Note that replacing an original solution S′O with its child solutions retains the invariants that solutions in O (i) have non-overlapping taxon sets and (ii) are contained within S.T. The taxon sets of child solutions to a solution S′ are contained within S′.T and are non-overlapping. Since S′.T is contained within S.T and does not overlap with any other solutions in O, its child solutions must also be contained within S.T and not overlap any other solutions in O.

Example #4: merging two components and re-using original solutions

When incrementally adding a split that groups two children of a node, the components that correspond to the grouped children tend to re-emerge at a lower level. While BuildIncA′ solves the solutions from scratch, BuildIncA″ is able to re-use the original solutions to these components.

To see this, we show how BuildIncA″ solves the same problem that BuildIncA′ solved in Example #3 (Fig. 4). Unlike BuildIncA′, BuildIncA″ leads to C1.ΔΣ containing only the single incrementally-added split A1B1|•C. Instead of extracting the splits A1A2|•B1 and B1B2|•C from the original solutions S2 and S3, BuildIncA′ passes down the original solutions themselves.

The original component {A1A2} re-emerges at a lowever level, and is solved by re-using the original solution S2. The other original solution S 3 is punctured, and its split B1B2|•A is added to S4.I.

The fully incrementalized algorithm BuildInc

The BuildInc′ and BuildInc′ algorithms modify the original solution data structure as they execute. When these algorithms discover that the additional splits are incompatible with the previous solution, we cannot simply revert to the previous solution, because it has been modified. We must therefore recreate the previous solution data structure from scratch, discarding all of the saved work.

We address this problem by extending BuildInc″ to record any change that it makes to the original solution. We can then reverse these changes in the case of failure. We call the extended algorithm BuildInc. Much of the description of BuildInc thus boils down to (i) specifying just what information must be recorded to reverse changes made by BuildIncA″ and (ii) some optimizations that avoid spending time recording information that will never be used.

An overview of the rollback approach

All modifications to each Solution object S are complete before any modifications are made to its children. We can therefore represent modifications to the solution data structure as a sequence R of modifications to individual Solution objects. If BuildIncA returns failure at the top level, we can then walk this sequence in reverse order, and roll back the changes that it describes. We create the record type RollbackInfo to record modifications made to an individual Solution object (Fig. 5).

Definitions for the RollbackInfo and MergeRollbackInfo.

Figure 5: Definitions for the RollbackInfo and MergeRollbackInfo.

Component mergers are the most interesting type of modifications that BuildIncA′ makes to Solution objects. We can represent component mergers for each Solution object as a sequence of individual mergers of two components. For each component merger, we record enough information about the two original components to reverse the merger. It is then possible to reverse the mergers by walking the sequence in reverse order, and undoing each merger in turn. We create the record type MergeRollbackInfo to record modifications made to an individual Solution object (Fig. 5).

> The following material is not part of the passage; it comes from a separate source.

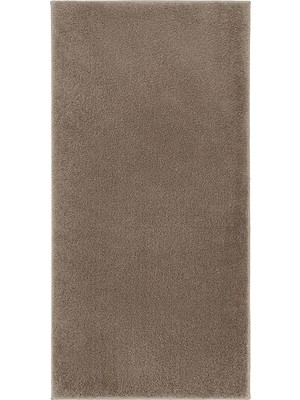 Ikea Backmara Bej 60X120 cm Banyo Paspası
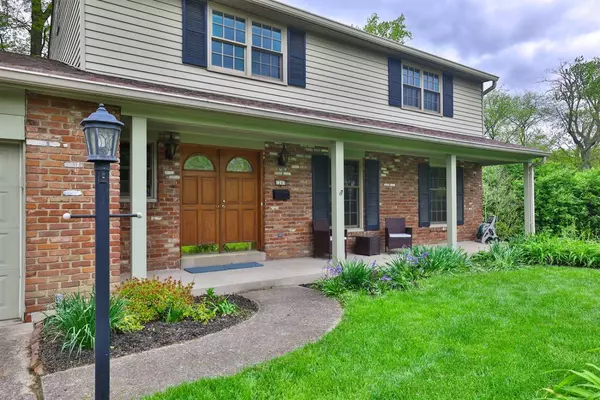 Wyoming, OH 45215,1207 Firewood Dr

Mergers are of two types: mergers of two non-trivial components, or mergers of a non-trivial component with a trivial component. We handle mergers of two trivial components, by creating an empty “non-trivial component” data structure, and merging it with each trivial component in turn.

Details of rollback info

The RollbackInfo record type

Changes that occur to S during BuildIncA (S, ΔΣ) include (i) appending additional implied splits to S.I, (ii) modifying the component list S. C , and (iii) merging components. We can therefore record the changes that occur to S in terms of (i) the original set of implied splits S.I, (ii) the original list of components S. C , and (iii) a sequence of records that describe individual merges of two components. We note that implied splits are only ever appended to the end of S.I. Therefore, as an additional optimization we can simply record the original length of S.I, and revert to the original version by truncating the array to that length.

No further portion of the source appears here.